On Thursday our company put on a trip for us to some local tourist sites in Dawmat Al-Jandal, a small town about 30 minutes East of the compound by bus. A bunch of us went, including some of the bilingual Arabic-English teachers from Sudan – a jovial crowd – that made the bus ride over there a lot of fun! As usual I took the opportunity to practice some of my Arabic, which they got a kick out of. The mother of one of the Sudanese teachers also came on the trip and she insisted on calling me Prince William! I think it must be the thinning hair!

Our first stop was Dawmat Al-Jandal Lake. That’s right – a lake in the middle of the desert! It’s not much of an oasis though, as the lake is rather salty and apparently man-made. There were no boats, it was just a body of water surrounded by rocky dunes, and although there were no birds in sight, along the shore were hundreds of tiny bird footprints dotted on the sand.

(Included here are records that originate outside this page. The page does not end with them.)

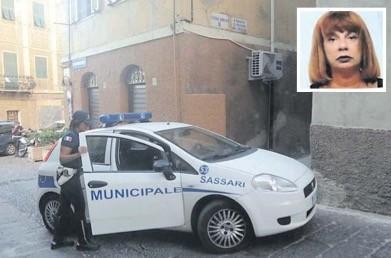 L'auto della polizia locale in via Maddalena e, nel riquadro, Maria Pala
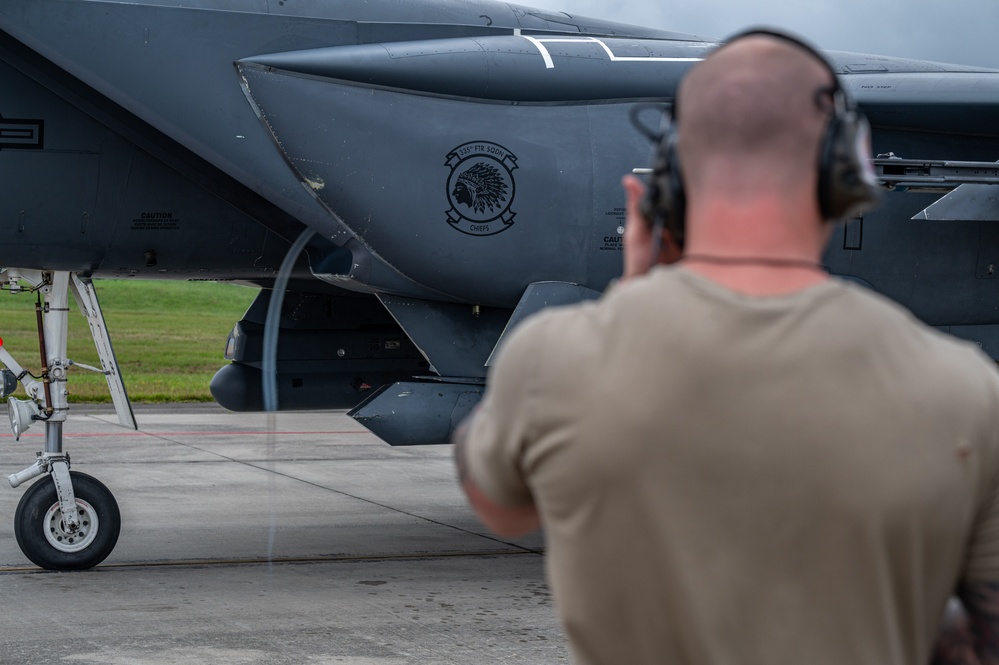 4th Fighter Wing Airmen conduct an F-15E Strike Eagle engine run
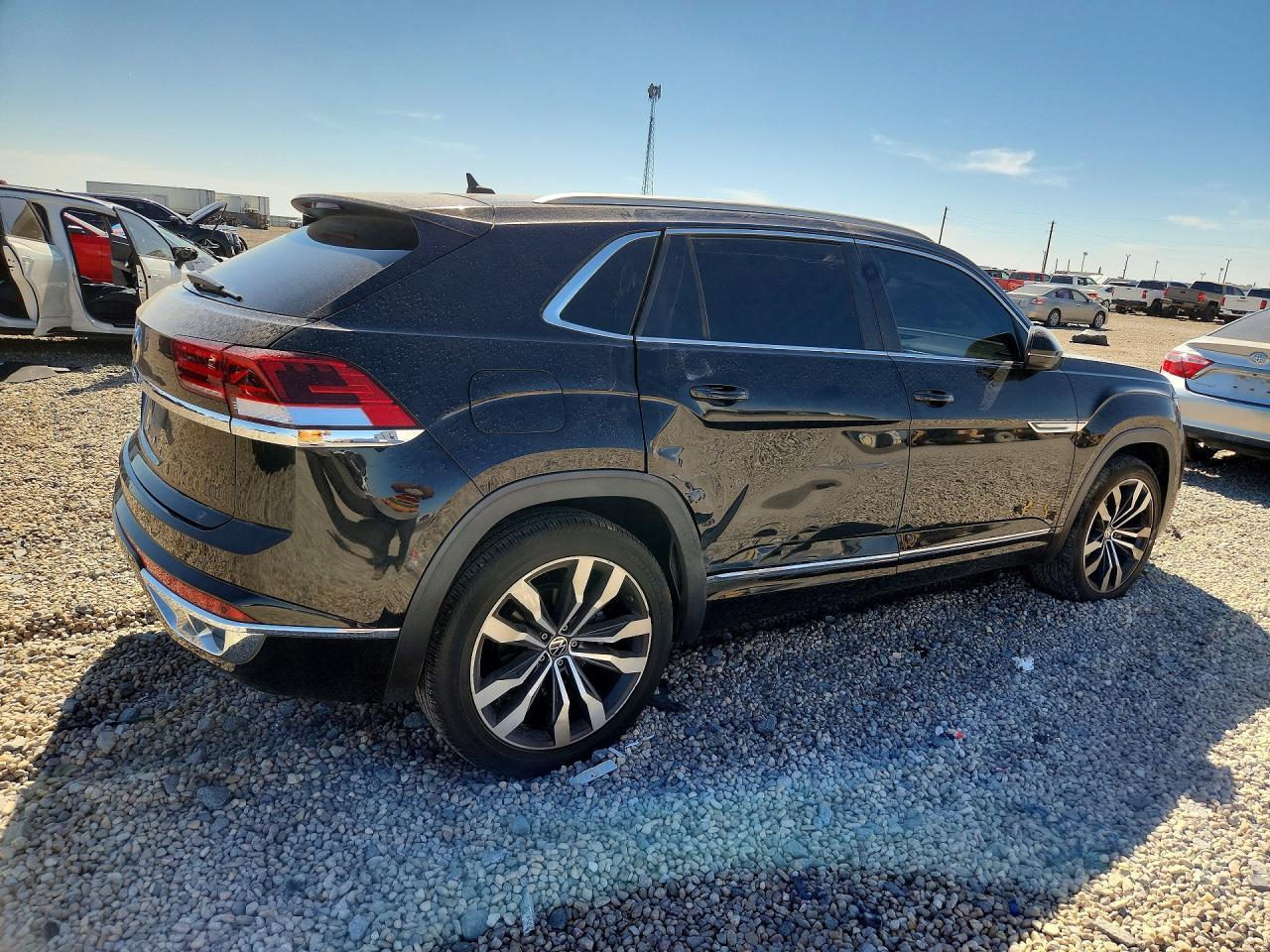 2021 Volkswagen Atlas Cross Sport Sel R-Line - Image 3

We went down to have a wade and, stepping into the cool water, I almost lost one of my sandals as my foot sank into the sand at the bottom of the lake.

It was a funny sight to see the female teachers, dressed in their black abayas flapping in the wind, giggling while struggling to climb down the hill to reach the lake. One of the male teachers, a fellow from South Africa, stretched out his arm to help one of them. She happened to be one of the more conservative Muslim teachers, however, and although she was dangerously close to slipping, refused his help, being unwilling to touch the hand of a man! Fortunately she managed to reach the shore without tumbling head first into the water!

After taking plenty of photos we got back on the bus and headed for our next stop; Marid Castle, an ancient sandstone structure preserved in the dry heat of the desert since the third century AD (long before the dawn of Islam in the seventh century). Rather primitive in form (I don’t claim to be an archeologist!), it basically looked like a huge sandcastle made from a giant bucket and spade!

It reminded me of a family holiday in Washington State a few summers back, when we went to the beach on the Pacific Ocean and made a huge sandcastle over a period of days!

After climbing up to the top of the castle, we admired the view all around. Next to the castle we could see the “Umar Ibn Kattab Mosque” amongst a complex of ancient walls and the remains of buildings.

Since most of the time we are either at the university or in the compound, it made a nice change to get out and about and see some of the local sites. I look forward to the next trip!